I am completely new to Rust coming from JS/TS
I have already seen other questions like: How do I iterate over elements of a struct in Rust? but they didn't get me to a real answer.
I am trying to iterate over the keys and values of a struct in rust
In JS/TS this would work like this:
const o = {
a: "hello",
b: "world"
};
const keys = Object.keys(o);
const values = Object.values(o);
// now loop over them
How would something like this work in Rust?
I am using Serde to parse a config yaml file to a struct.
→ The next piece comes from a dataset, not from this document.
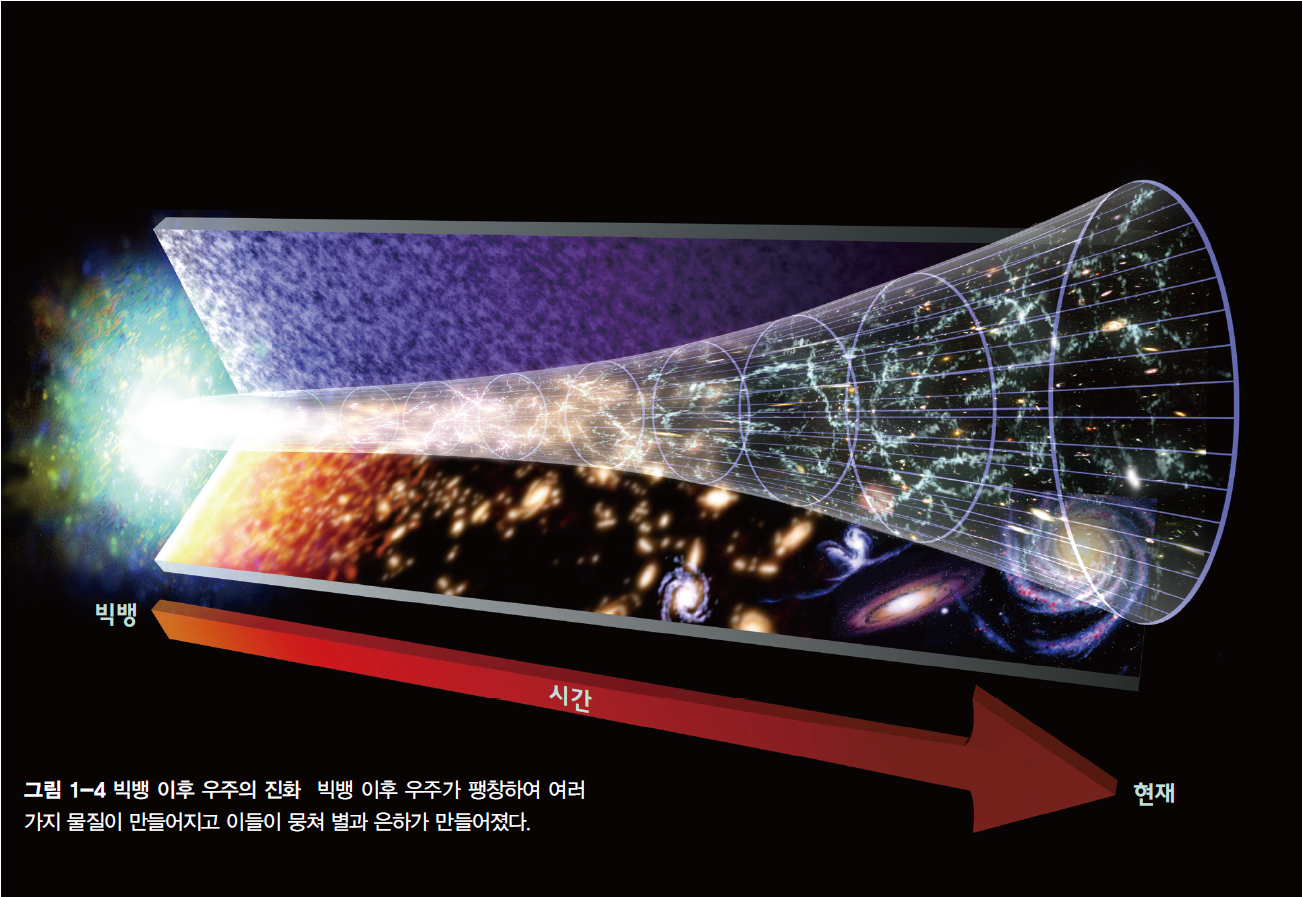 (주)금성출판사 통합과학 20쪽 현행내용 이미지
#[derive(Deserialize, Debug, Clone)]
pub struct Config {
pub headers: Headers,
}
#[derive(Deserialize, Debug, Clone)]
pub struct Headers {
#[serde(rename = "Content-Security-Policy")]
pub content_security_policy: String,
#[serde(rename = "x-frame-options")]
pub x_frame_options: String,
#[serde(rename = "x-content-type-options")]
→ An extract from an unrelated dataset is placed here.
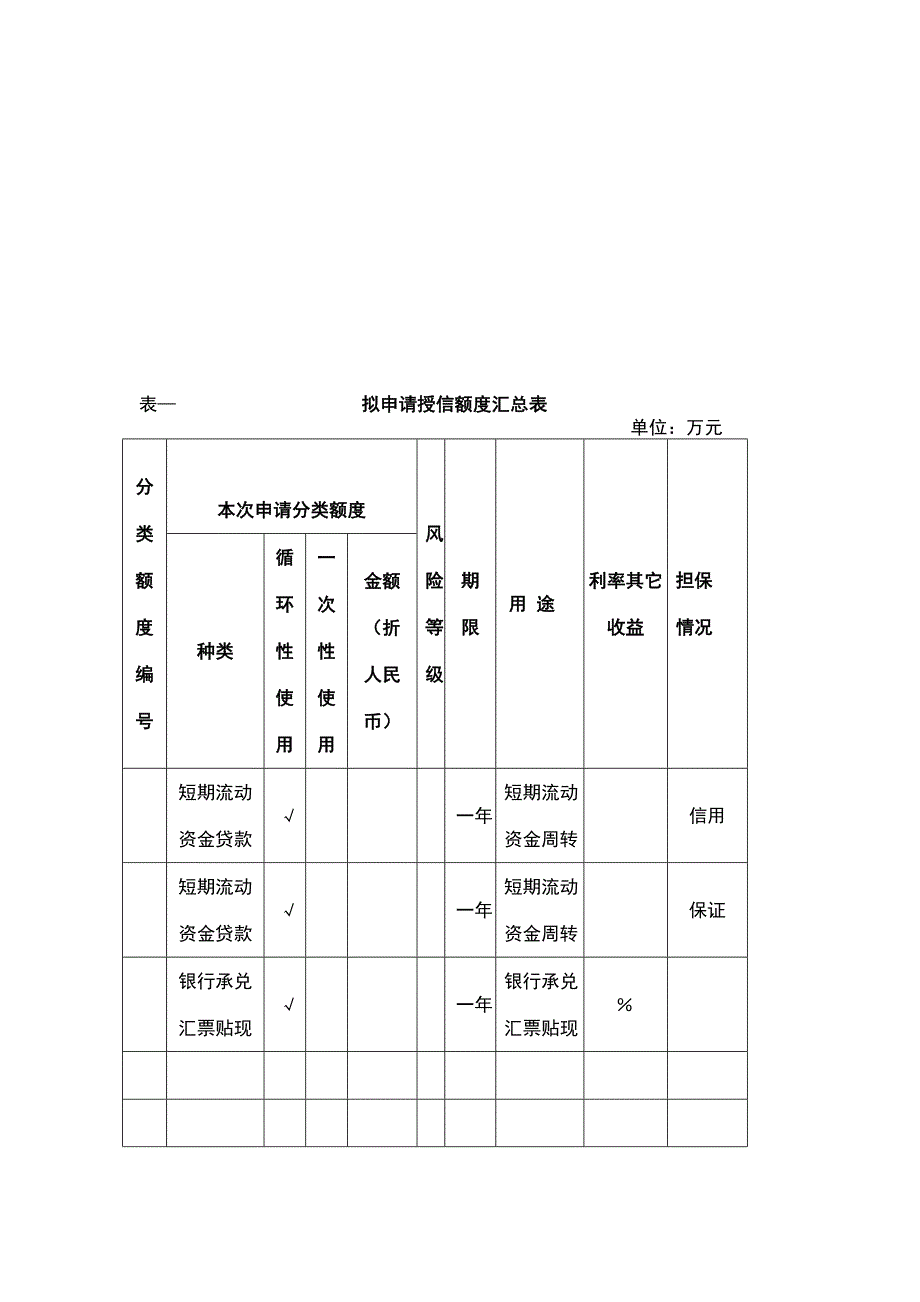 交通银行某地分行客户授信申请书简述_第3页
pub x_content_type_options: String,
#[serde(rename = "x-permitted-cross-domain-policies")]
pub x_permitted_cross_domain_policies: String,
#[serde(rename = "x-download-options")]
pub x_download_options: String,
#[serde(rename = "x-xss-protection")]
pub x_xss_protection: String,
#[serde(rename = "referrer-policy")]
pub referrer_policy: String,
#[serde(rename = "Strict-Transport-Security")]
pub strict_transport_security: String,
#[serde(rename = "feature-policy")]
pub feature_policy: String,
#[serde(rename = "Cache-Control")]
pub cache_control: String,
}
But this does not implement the .iter() function and i haven't found a solution searching for this.
You can use struct_iterable crate.
use struct_iterable::Iterable;
#[derive(Iterable)]
struct MyStruct {
field1: u32,
field2: String,
field3: Option<String>,
// etc.
}
let my_instance = MyStruct {
field1: 42,
field2: "Hello, world!".to_string(),
field3: Some("Hello, world!".to_string()),
};
for (field_name, field_value) in my_instance.iter() {
if let Some(string_opt) = field_value.downcast_ref::<Option<String>>() {
if let Some(string) = string_opt.as_deref() {
println!("{} optional String: {:?}", field_name, field_value);
}
}
println!("{}: {:?}", field_name, field_value);
}
Thanks to Caesar
I tried this:
use serde::{Deserialize, Serialize};
#[derive(Deserialize, Debug, Clone, Serialize)]
pub struct Config {
pub headers: Headers,
}
#[derive(Deserialize, Debug, Clone, Serialize)]
pub struct Headers {
#[serde(rename = "Content-Security-Policy")]
pub content_security_policy: String,
#[serde(rename = "x-frame-options")]
pub x_frame_options: String,
#[serde(rename = "x-content-type-options")]
pub x_content_type_options: String,
#[serde(rename = "x-permitted-cross-domain-policies")]
pub x_permitted_cross_domain_policies: String,
#[serde(rename = "x-download-options")]
pub x_download_options: String,
#[serde(rename = "x-xss-protection")]
pub x_xss_protection: String,
#[serde(rename = "referrer-policy")]
pub referrer_policy: String,
#[serde(rename = "Strict-Transport-Security")]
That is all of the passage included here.